SNAP (Stanford Network Analysis Platform) Large Network Dataset Collection,
Jure Leskovec and Anrej Krevl, http://snap.stanford.edu/data, June 2014.
email: jure at cs.stanford.edu
Bitcoin OTC trust weighted signed network
https://snap.stanford.edu/data/soc-sign-bitcoin-otc.html
Dataset information
This is who-trusts-whom network of people who trade using Bitcoin on a
platform called Bitcoin OTC (http://www.bitcoin-otc.com/). Since Bitcoin
users are anonymous, there is a need to maintain a record of users'
reputation to prevent transactions with fraudulent and risky users. Members
of Bitcoin OTC rate other members in a scale of -10 (total distrust) to +10
(total trust) in steps of 1. This is the first explicit weighted signed
directed network available for research.
Dataset statistics
Nodes 5,881
Edges 35,592
Range of edge weight -10 to +10
Percentage of positive edges 89%
Similar network from another Bitcoin platform, Bitcoin Alpha, is available
at https://snap.stanford.edu/data/soc-sign-bitcoinalpha.html (and as
SNAP/bitcoin-alpha in the SuiteSparse Matrix Collection).

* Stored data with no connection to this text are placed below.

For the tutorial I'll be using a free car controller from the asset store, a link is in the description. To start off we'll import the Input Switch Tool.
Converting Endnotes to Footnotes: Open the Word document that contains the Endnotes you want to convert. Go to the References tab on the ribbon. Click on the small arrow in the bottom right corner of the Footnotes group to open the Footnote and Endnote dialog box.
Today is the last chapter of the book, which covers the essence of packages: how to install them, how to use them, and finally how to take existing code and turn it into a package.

Source (citation) Please cite the following paper if you use this dataset:
S. Kumar, F. Spezzano, V.S. Subrahmanian, C. Faloutsos. Edge Weight
Prediction in Weighted Signed Networks. IEEE International Conference on
Data Mining (ICDM), 2016.
The following BibTeX citation can be used:
@inproceedings{kumar2016edge,
title={Edge weight prediction in weighted signed networks},
author={Kumar, Srijan and Spezzano, Francesca and Subrahmanian, VS
and Faloutsos, Christos},
booktitle={Data Mining (ICDM), 2016 IEEE 16th Intl. Conf. on},
pages={221--230},
year={2016},
organization={IEEE}
}
The project webpage for this paper, along with its code to calculate two
signed network metrics---fairness and goodness---is available at
http://cs.umd.edu/~srijan/wsn/
Files
File Description
soc-sign-bitcoinotc.csv.gz
Weighted Signed Directed Bitcoin OTC web of trust network
Data format
Each line has one rating, sorted by time, with the following format:
SOURCE, TARGET, RATING, TIME
where
SOURCE: node id of source, i.e., rater
TARGET: node id of target, i.e., ratee
RATING: the source's rating for the target,
ranging from -10 to +10 in steps of 1
TIME: the time of the rating, measured as seconds since Epoch.

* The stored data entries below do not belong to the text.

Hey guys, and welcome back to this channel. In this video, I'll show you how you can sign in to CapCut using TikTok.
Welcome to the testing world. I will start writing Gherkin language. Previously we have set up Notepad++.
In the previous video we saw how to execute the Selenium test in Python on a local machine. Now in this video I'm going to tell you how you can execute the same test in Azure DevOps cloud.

---------------------------------------------------------------------------
Notes on inclusion into the SuiteSparse Matrix Collection, July 2018:
---------------------------------------------------------------------------
The SNAP data set is 1-based, with nodes numbered 1 to 35,592.
In the SuiteSparse Matrix Collection, Problem.A is the directed rating
graph, a matrix of size n-by-n with n=5,881, which is the number of
unique node id's appearing in the SOURCE or TARGET of any edge.
Problem.aux.nodeid is an array of size 5,881 that gives the node id's
corresponding to each row and column of the matrix. nodeid(i)=id if the
id in the temporal edge appears as the ith row and column of the A matrix.
A(i,j) is the rating that member nodeid(i) gave member nodeid(j).
Since there are no duplicate ratings, the Problem.A matrix can hold all
the edges without losing any information. The ratings are in the range
-10 to 10, but are never zero, so the MATLAB Problem.A sparse matrix
contains all the edges.
The timestamps appear in the Problem.aux.Time matrix. It has the same
nonzero pattern as Problem.A.